2. As figuras de Paul Thomas Anderson são cerradas, uníssonas. Até tentam, mas jamais fazem parte de um universo de seres que compartilham entre si um sentimento, uma mesma aura ou espaço geográfico que lhes acolha como pares. Tratam-se de personagens feitos para soarem individualistas: eles são eles, cada um por si, e é preciso que cada um destoe do resto. Mesmo diante de um filme de outsiders é necessário que haja os frontmans.
3. Tudo no cinema de Paul Thomas Anderson é sobre esse movimento complexo, de destacar o eu do outro (lembrar do jantar entre Benny Safdie e Joseph Cross, lembrar que Alana Haim se vangloria por ser uma política que vai mudar o mundo e não uma dona de fliperama). Não há nada nessas interações que seja sobre o nós. Licorice Pizza nada tem a ver com filmes como Jovens, Loucos e Rebeldes (Richard Linklater, 1993) ou com Era Uma Vez Em… Hollywood (Quentin Tarantino, 2019). Estes últimos são filmes sobre o todo, sobre o espaço que se divide, a história que se reconta, o verão que encerra as aulas de uma geração inteira a vibrar numa mesma sintonia em conflitos internos diversos. Filmes que dizem mais sobre as tribos que se unem do que sobre aquilo que as separa.

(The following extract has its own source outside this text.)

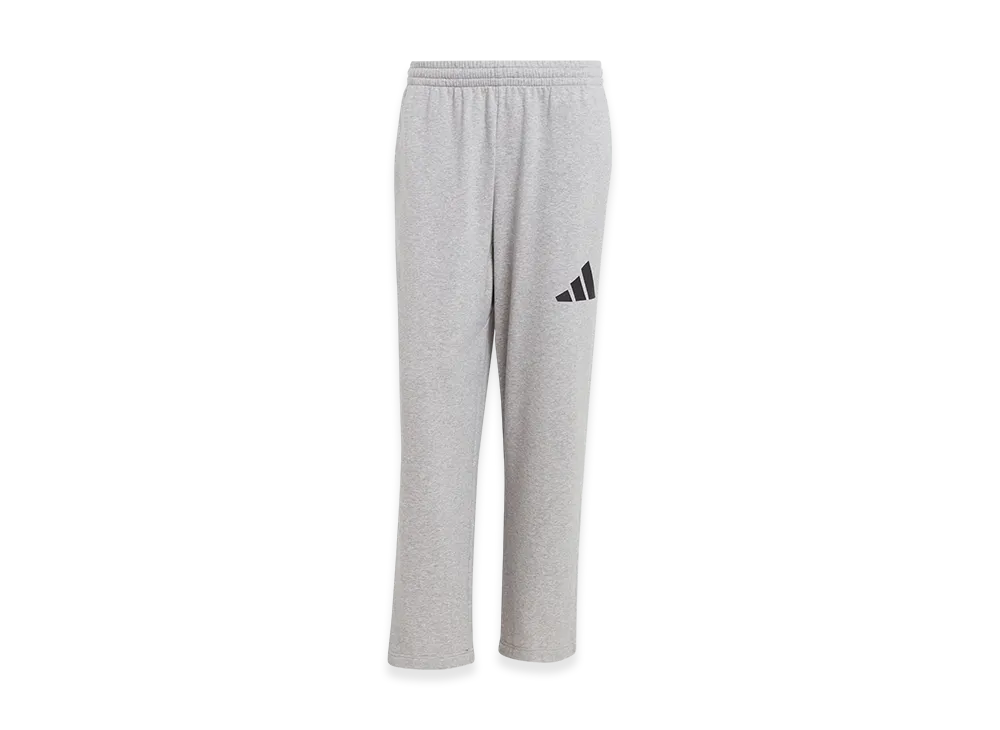 adidas Essentials Wide Leg 3-Bar Logo Pants "Medium Grey Heather/Black"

4. O cinema de Paul Thomas Anderson é lânguido, comprido, espaçado. De cabeça, lembro apenas de dois de seus filmes que não foram filmados em cinemascope, Trama Fantasma (2017) e Vício Inerente (2014). Os demais, geralmente operam na lógica dos planos abertos e achatados, compostos por movimentos longos, categoricamente chamados de hipnotizantes, com o intuito de alargar sempre ao máximo as iluminadas dimensões espaciais do quadro. Aliás, não me parece exagero nenhum pensar que seus filmes todos se debruçam diante desse truque da câmera: tratam da grandiosidade que esconde o movimento, do zoom in secreto que faz com que o protagonista (ou, melhor dizendo, os protagonistas) fiquem marcados por uma exclusividade no ato de filmar, quase uma seletividade inconsciente que provém das lentes do ecrã. Querendo ou não, a câmera gira, tropeça, balança, e sempre acaba apontada para o perfil de um desses sujeitos. O mais curioso em tudo isso é que, para cada balé técnico que o cineasta fabrica, há sempre um movimento diametralmente oposto que faz questão de abafá-los, de fazer soar como que natural algo que tem na sua mais crucial fundamentação justamente o anti-naturalismo. Em resumo: é um cinema escondido em si mesmo, que quer parecer sem se fazer aparecer. Afinal, quando uma câmera balança, a grande graça é, precisamente, vê-la balançar. Não escondê-la rosto envergonhado de um protagonista.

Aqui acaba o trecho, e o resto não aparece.